* **Exercise data**
-- -- --

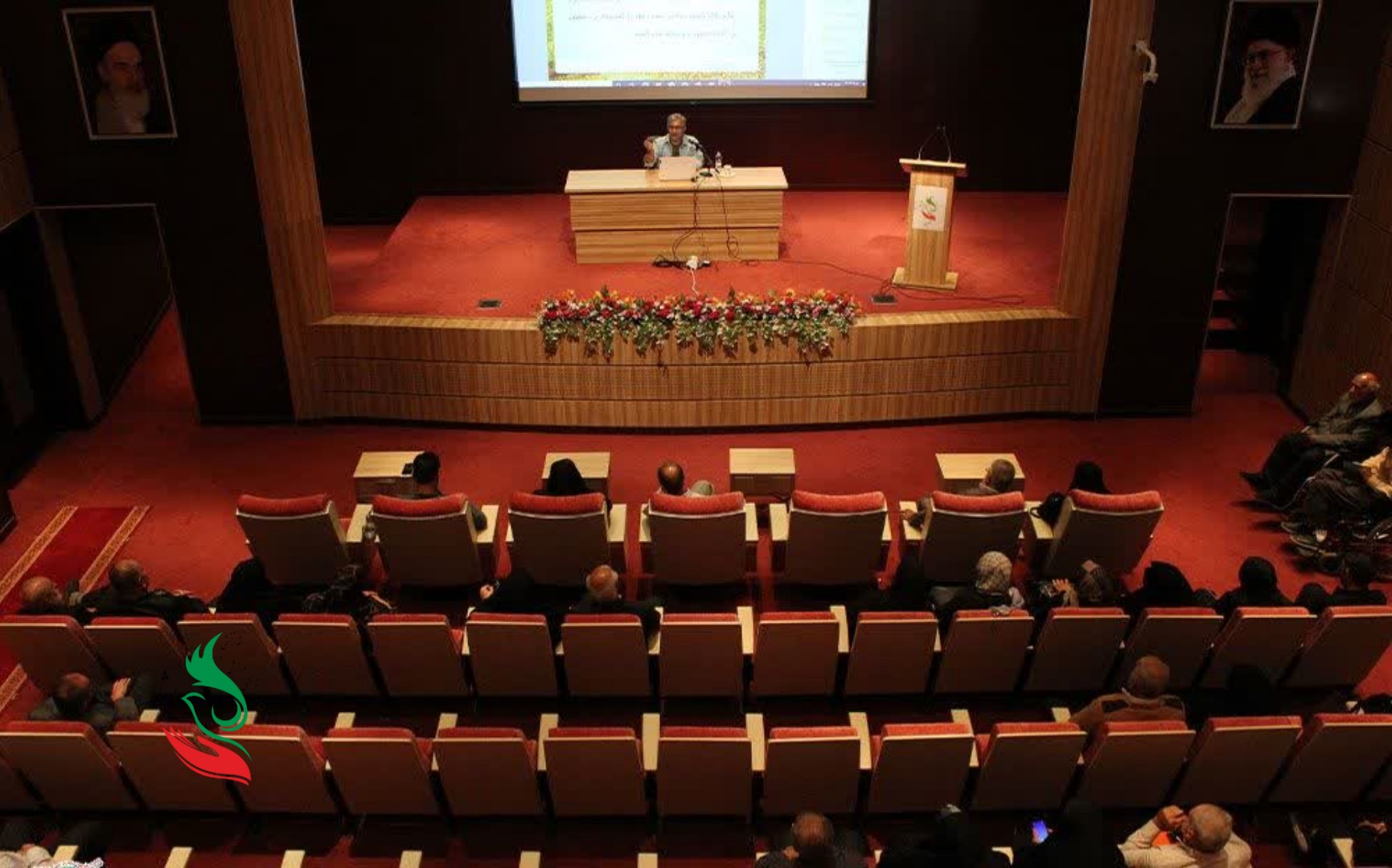 ایثار قزوین میزبان اردوی یک‌روزه‌ی خانواده‌های ایثارگران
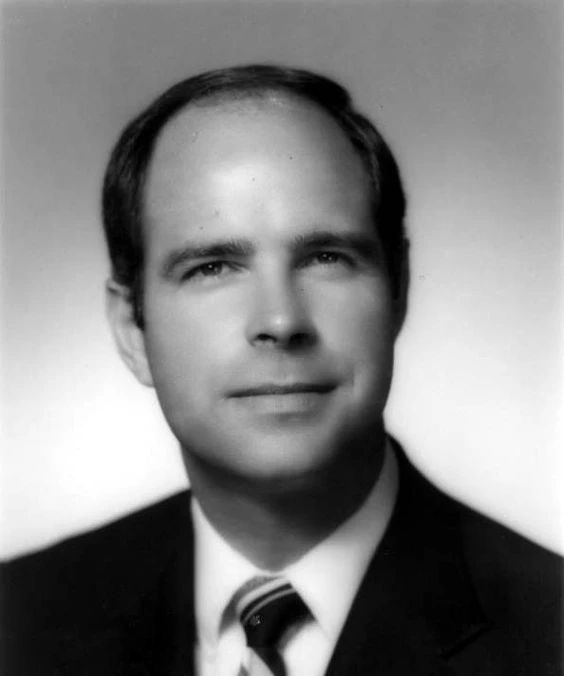 James Grant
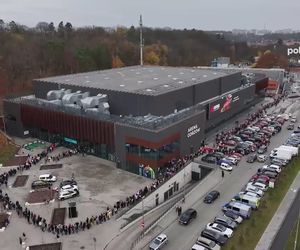 Katastrofa organizacyjna przed meczem Polski. Kompletny dramat fanów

-- -- --

* **What to work on**
The listing above must be repeated exactly, apart from the pictures.

* **Your response**
 ایثار قزوین میزبان اردوی یک‌روزه‌ی خانواده‌های ایثارگران
 James Grant
 Katastrofa organizacyjna przed meczem Polski. Kompletny dramat fanów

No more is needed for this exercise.